Assignment
The entries are to be output once more, word for word.

[Data entries]

%%

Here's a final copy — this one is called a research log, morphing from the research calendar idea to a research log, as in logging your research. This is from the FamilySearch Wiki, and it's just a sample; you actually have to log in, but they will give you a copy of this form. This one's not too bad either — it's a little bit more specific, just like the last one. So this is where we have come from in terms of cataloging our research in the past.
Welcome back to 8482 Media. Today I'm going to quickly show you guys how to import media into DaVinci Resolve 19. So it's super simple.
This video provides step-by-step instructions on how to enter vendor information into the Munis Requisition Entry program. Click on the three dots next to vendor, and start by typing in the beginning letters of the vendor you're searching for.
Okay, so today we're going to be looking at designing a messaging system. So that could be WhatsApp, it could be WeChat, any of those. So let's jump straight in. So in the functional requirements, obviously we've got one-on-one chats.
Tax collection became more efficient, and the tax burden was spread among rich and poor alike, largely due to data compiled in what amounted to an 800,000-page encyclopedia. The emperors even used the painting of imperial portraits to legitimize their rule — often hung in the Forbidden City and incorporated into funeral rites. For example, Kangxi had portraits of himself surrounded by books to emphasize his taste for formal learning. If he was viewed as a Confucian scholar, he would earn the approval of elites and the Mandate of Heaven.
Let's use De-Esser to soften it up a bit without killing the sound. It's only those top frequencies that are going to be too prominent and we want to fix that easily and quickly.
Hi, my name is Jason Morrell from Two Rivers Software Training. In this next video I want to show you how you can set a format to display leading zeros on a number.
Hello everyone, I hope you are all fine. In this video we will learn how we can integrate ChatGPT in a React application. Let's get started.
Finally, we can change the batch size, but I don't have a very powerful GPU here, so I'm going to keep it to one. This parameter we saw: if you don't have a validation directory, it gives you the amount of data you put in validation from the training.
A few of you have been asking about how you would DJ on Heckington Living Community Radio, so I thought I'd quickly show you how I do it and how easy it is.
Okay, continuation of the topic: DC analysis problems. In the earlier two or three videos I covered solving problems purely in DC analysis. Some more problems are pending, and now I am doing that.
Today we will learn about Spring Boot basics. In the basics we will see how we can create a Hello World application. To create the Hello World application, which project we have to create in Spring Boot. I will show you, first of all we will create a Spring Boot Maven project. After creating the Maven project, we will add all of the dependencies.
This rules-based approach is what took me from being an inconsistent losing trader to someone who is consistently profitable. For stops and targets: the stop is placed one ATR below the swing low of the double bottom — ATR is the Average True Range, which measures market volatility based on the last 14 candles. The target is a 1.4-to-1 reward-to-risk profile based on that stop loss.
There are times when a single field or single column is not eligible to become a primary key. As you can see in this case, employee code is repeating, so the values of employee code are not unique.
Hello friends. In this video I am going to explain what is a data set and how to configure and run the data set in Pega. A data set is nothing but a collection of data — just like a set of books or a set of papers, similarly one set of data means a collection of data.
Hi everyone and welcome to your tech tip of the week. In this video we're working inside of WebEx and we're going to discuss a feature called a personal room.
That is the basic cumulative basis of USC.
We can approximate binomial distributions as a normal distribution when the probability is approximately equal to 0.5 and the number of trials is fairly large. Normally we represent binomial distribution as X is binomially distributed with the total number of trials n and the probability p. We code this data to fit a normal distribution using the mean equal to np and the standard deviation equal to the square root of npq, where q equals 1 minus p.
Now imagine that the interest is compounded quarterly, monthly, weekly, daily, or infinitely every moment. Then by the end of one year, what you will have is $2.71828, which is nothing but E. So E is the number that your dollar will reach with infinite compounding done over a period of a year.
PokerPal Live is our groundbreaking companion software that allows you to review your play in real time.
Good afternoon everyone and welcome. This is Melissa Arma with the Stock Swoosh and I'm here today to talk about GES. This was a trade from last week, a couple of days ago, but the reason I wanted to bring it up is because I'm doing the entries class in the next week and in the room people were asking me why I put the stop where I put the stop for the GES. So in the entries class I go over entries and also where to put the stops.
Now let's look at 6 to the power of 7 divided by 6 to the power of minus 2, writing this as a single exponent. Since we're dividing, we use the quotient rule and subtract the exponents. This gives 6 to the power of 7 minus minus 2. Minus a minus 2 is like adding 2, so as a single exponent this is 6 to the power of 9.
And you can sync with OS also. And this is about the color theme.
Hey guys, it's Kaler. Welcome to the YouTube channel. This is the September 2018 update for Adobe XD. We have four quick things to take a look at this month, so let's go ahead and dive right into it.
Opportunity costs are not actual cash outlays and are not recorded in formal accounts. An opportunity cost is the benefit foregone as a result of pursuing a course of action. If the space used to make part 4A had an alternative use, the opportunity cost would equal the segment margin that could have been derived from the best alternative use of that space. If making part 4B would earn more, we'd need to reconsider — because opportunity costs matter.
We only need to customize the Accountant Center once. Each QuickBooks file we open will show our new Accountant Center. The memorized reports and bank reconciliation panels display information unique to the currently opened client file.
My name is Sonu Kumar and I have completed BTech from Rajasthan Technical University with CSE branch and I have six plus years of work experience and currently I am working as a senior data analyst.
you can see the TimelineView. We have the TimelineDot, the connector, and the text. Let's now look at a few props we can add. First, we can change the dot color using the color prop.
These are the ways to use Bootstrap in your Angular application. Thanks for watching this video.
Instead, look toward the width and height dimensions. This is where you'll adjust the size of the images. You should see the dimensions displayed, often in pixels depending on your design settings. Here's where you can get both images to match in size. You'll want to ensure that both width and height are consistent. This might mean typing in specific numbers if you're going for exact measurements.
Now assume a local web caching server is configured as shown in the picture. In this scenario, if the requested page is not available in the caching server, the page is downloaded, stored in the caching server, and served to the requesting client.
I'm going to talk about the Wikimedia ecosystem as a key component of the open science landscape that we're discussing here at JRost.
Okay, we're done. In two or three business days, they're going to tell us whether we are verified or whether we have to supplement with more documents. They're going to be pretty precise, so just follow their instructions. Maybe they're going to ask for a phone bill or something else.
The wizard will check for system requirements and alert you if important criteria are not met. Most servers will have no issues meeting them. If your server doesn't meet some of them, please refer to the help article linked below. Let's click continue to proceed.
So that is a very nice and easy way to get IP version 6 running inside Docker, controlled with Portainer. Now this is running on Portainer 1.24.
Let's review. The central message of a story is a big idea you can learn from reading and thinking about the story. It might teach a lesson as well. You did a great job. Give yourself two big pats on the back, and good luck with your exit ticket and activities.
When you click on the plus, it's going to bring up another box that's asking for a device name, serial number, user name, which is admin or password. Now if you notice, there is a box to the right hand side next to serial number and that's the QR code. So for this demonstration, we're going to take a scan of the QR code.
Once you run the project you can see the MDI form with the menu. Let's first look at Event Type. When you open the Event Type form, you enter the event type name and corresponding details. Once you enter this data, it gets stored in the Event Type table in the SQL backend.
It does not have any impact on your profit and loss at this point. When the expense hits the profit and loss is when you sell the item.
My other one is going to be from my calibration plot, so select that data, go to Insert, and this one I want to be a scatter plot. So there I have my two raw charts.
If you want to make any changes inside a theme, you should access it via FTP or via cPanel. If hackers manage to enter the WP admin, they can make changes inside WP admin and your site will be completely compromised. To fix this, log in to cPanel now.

%%

Exercise answer
Here's a final copy — this one is called a research log, morphing from the research calendar idea to a research log, as in logging your research. This is from the FamilySearch Wiki, and it's just a sample; you actually have to log in, but they will give you a copy of this form. This one's not too bad either — it's a little bit more specific, just like the last one. So this is where we have come from in terms of cataloging our research in the past.
Welcome back to 8482 Media. Today I'm going to quickly show you guys how to import media into DaVinci Resolve 19. So it's super simple.
This video provides step-by-step instructions on how to enter vendor information into the Munis Requisition Entry program. Click on the three dots next to vendor, and start by typing in the beginning letters of the vendor you're searching for.
Okay, so today we're going to be looking at designing a messaging system. So that could be WhatsApp, it could be WeChat, any of those. So let's jump straight in. So in the functional requirements, obviously we've got one-on-one chats.
Tax collection became more efficient, and the tax burden was spread among rich and poor alike, largely due to data compiled in what amounted to an 800,000-page encyclopedia. The emperors even used the painting of imperial portraits to legitimize their rule — often hung in the Forbidden City and incorporated into funeral rites. For example, Kangxi had portraits of himself surrounded by books to emphasize his taste for formal learning. If he was viewed as a Confucian scholar, he would earn the approval of elites and the Mandate of Heaven.
Let's use De-Esser to soften it up a bit without killing the sound. It's only those top frequencies that are going to be too prominent and we want to fix that easily and quickly.
Hi, my name is Jason Morrell from Two Rivers Software Training. In this next video I want to show you how you can set a format to display leading zeros on a number.
Hello everyone, I hope you are all fine. In this video we will learn how we can integrate ChatGPT in a React application. Let's get started.
Finally, we can change the batch size, but I don't have a very powerful GPU here, so I'm going to keep it to one. This parameter we saw: if you don't have a validation directory, it gives you the amount of data you put in validation from the training.
A few of you have been asking about how you would DJ on Heckington Living Community Radio, so I thought I'd quickly show you how I do it and how easy it is.
Okay, continuation of the topic: DC analysis problems. In the earlier two or three videos I covered solving problems purely in DC analysis. Some more problems are pending, and now I am doing that.
Today we will learn about Spring Boot basics. In the basics we will see how we can create a Hello World application. To create the Hello World application, which project we have to create in Spring Boot. I will show you, first of all we will create a Spring Boot Maven project. After creating the Maven project, we will add all of the dependencies.
This rules-based approach is what took me from being an inconsistent losing trader to someone who is consistently profitable. For stops and targets: the stop is placed one ATR below the swing low of the double bottom — ATR is the Average True Range, which measures market volatility based on the last 14 candles. The target is a 1.4-to-1 reward-to-risk profile based on that stop loss.
There are times when a single field or single column is not eligible to become a primary key. As you can see in this case, employee code is repeating, so the values of employee code are not unique.
Hello friends. In this video I am going to explain what is a data set and how to configure and run the data set in Pega. A data set is nothing but a collection of data — just like a set of books or a set of papers, similarly one set of data means a collection of data.
Hi everyone and welcome to your tech tip of the week. In this video we're working inside of WebEx and we're going to discuss a feature called a personal room.
That is the basic cumulative basis of USC.
We can approximate binomial distributions as a normal distribution when the probability is approximately equal to 0.5 and the number of trials is fairly large. Normally we represent binomial distribution as X is binomially distributed with the total number of trials n and the probability p. We code this data to fit a normal distribution using the mean equal to np and the standard deviation equal to the square root of npq, where q equals 1 minus p.
Now imagine that the interest is compounded quarterly, monthly, weekly, daily, or infinitely every moment. Then by the end of one year, what you will have is $2.71828, which is nothing but E. So E is the number that your dollar will reach with infinite compounding done over a period of a year.
PokerPal Live is our groundbreaking companion software that allows you to review your play in real time.
Good afternoon everyone and welcome. This is Melissa Arma with the Stock Swoosh and I'm here today to talk about GES. This was a trade from last week, a couple of days ago, but the reason I wanted to bring it up is because I'm doing the entries class in the next week and in the room people were asking me why I put the stop where I put the stop for the GES. So in the entries class I go over entries and also where to put the stops.
Now let's look at 6 to the power of 7 divided by 6 to the power of minus 2, writing this as a single exponent. Since we're dividing, we use the quotient rule and subtract the exponents. This gives 6 to the power of 7 minus minus 2. Minus a minus 2 is like adding 2, so as a single exponent this is 6 to the power of 9.
And you can sync with OS also. And this is about the color theme.
Hey guys, it's Kaler. Welcome to the YouTube channel. This is the September 2018 update for Adobe XD. We have four quick things to take a look at this month, so let's go ahead and dive right into it.
Opportunity costs are not actual cash outlays and are not recorded in formal accounts. An opportunity cost is the benefit foregone as a result of pursuing a course of action. If the space used to make part 4A had an alternative use, the opportunity cost would equal the segment margin that could have been derived from the best alternative use of that space. If making part 4B would earn more, we'd need to reconsider — because opportunity costs matter.
We only need to customize the Accountant Center once. Each QuickBooks file we open will show our new Accountant Center. The memorized reports and bank reconciliation panels display information unique to the currently opened client file.
My name is Sonu Kumar and I have completed BTech from Rajasthan Technical University with CSE branch and I have six plus years of work experience and currently I am working as a senior data analyst.
you can see the TimelineView. We have the TimelineDot, the connector, and the text. Let's now look at a few props we can add. First, we can change the dot color using the color prop.
These are the ways to use Bootstrap in your Angular application. Thanks for watching this video.
Instead, look toward the width and height dimensions. This is where you'll adjust the size of the images. You should see the dimensions displayed, often in pixels depending on your design settings. Here's where you can get both images to match in size. You'll want to ensure that both width and height are consistent. This might mean typing in specific numbers if you're going for exact measurements.
Now assume a local web caching server is configured as shown in the picture. In this scenario, if the requested page is not available in the caching server, the page is downloaded, stored in the caching server, and served to the requesting client.
I'm going to talk about the Wikimedia ecosystem as a key component of the open science landscape that we're discussing here at JRost.
Okay, we're done. In two or three business days, they're going to tell us whether we are verified or whether we have to supplement with more documents. They're going to be pretty precise, so just follow their instructions. Maybe they're going to ask for a phone bill or something else.
The wizard will check for system requirements and alert you if important criteria are not met. Most servers will have no issues meeting them. If your server doesn't meet some of them, please refer to the help article linked below. Let's click continue to proceed.
So that is a very nice and easy way to get IP version 6 running inside Docker, controlled with Portainer. Now this is running on Portainer 1.24.
Let's review. The central message of a story is a big idea you can learn from reading and thinking about the story. It might teach a lesson as well. You did a great job. Give yourself two big pats on the back, and good luck with your exit ticket and activities.
When you click on the plus, it's going to bring up another box that's asking for a device name, serial number, user name, which is admin or password. Now if you notice, there is a box to the right hand side next to serial number and that's the QR code. So for this demonstration, we're going to take a scan of the QR code.
Once you run the project you can see the MDI form with the menu. Let's first look at Event Type. When you open the Event Type form, you enter the event type name and corresponding details. Once you enter this data, it gets stored in the Event Type table in the SQL backend.
It does not have any impact on your profit and loss at this point. When the expense hits the profit and loss is when you sell the item.
My other one is going to be from my calibration plot, so select that data, go to Insert, and this one I want to be a scatter plot. So there I have my two raw charts.
If you want to make any changes inside a theme, you should access it via FTP or via cPanel. If hackers manage to enter the WP admin, they can make changes inside WP admin and your site will be completely compromised. To fix this, log in to cPanel now.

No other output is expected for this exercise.